Only one portion of the data is to be written out: from the line bearing "HOKA ORA LUXE" through the line bearing "说不定这个家伙根本就是一通乱跑二维码生成". Write it exactly as it appears.
*** Recorded information ***
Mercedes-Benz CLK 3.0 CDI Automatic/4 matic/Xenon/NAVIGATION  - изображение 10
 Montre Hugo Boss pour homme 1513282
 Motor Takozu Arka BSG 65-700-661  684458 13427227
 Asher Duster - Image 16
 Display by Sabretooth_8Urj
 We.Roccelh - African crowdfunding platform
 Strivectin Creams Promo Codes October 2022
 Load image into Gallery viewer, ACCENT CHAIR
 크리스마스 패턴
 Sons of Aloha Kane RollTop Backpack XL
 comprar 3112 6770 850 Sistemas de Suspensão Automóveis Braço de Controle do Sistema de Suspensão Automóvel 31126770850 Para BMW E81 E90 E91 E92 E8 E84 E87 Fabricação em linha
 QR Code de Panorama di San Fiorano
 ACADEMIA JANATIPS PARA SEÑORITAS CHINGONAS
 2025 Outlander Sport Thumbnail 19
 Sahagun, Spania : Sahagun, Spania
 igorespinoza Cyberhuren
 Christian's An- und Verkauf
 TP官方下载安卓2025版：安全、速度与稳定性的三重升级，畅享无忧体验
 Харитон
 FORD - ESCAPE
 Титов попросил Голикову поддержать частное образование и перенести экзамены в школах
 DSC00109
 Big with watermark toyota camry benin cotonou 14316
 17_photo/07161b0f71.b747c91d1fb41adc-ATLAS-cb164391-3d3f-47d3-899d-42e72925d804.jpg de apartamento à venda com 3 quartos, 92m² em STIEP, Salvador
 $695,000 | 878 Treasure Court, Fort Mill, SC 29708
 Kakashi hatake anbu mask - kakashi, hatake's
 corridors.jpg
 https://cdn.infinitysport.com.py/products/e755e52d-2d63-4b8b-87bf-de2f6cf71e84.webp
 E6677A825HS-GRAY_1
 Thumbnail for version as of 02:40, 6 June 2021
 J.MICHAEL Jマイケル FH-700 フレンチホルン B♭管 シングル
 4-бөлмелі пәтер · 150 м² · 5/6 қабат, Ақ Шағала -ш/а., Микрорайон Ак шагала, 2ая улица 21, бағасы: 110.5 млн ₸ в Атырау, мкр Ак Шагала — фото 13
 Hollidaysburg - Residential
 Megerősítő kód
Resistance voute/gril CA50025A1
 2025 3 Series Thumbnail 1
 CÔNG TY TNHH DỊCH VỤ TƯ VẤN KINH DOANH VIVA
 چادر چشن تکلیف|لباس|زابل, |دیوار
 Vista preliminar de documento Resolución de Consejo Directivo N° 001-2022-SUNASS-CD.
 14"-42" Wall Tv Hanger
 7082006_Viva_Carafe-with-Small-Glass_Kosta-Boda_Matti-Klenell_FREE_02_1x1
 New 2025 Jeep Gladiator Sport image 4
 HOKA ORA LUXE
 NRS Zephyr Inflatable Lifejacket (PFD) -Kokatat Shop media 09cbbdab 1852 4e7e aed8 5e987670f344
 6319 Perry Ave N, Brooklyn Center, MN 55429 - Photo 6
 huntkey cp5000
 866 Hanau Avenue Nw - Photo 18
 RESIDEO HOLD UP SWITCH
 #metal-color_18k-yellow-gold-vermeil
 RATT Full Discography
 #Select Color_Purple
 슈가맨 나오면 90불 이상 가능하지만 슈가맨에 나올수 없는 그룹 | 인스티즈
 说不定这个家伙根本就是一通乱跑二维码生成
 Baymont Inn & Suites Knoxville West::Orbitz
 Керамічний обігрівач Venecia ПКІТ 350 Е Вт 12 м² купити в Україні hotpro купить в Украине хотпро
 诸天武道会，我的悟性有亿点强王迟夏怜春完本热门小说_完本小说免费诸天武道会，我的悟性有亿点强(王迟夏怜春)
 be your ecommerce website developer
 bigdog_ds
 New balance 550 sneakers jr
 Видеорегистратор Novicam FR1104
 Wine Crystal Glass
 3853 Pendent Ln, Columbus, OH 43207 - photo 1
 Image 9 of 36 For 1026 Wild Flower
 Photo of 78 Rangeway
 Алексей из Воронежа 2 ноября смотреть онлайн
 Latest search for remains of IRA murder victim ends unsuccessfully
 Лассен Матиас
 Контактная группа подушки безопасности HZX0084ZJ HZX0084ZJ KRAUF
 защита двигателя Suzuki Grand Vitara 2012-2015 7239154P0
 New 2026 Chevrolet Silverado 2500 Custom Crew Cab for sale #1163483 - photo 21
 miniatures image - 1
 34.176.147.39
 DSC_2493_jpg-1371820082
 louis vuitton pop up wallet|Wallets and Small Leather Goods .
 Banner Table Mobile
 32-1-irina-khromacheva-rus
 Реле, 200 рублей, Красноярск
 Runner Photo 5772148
*** End of Recorded information ***
Expected output »
 HOKA ORA LUXE
 NRS Zephyr Inflatable Lifejacket (PFD) -Kokatat Shop media 09cbbdab 1852 4e7e aed8 5e987670f344
 6319 Perry Ave N, Brooklyn Center, MN 55429 - Photo 6
 huntkey cp5000
 866 Hanau Avenue Nw - Photo 18
 RESIDEO HOLD UP SWITCH
 #metal-color_18k-yellow-gold-vermeil
 RATT Full Discography
 #Select Color_Purple
 슈가맨 나오면 90불 이상 가능하지만 슈가맨에 나올수 없는 그룹 | 인스티즈
 说不定这个家伙根本就是一通乱跑二维码生成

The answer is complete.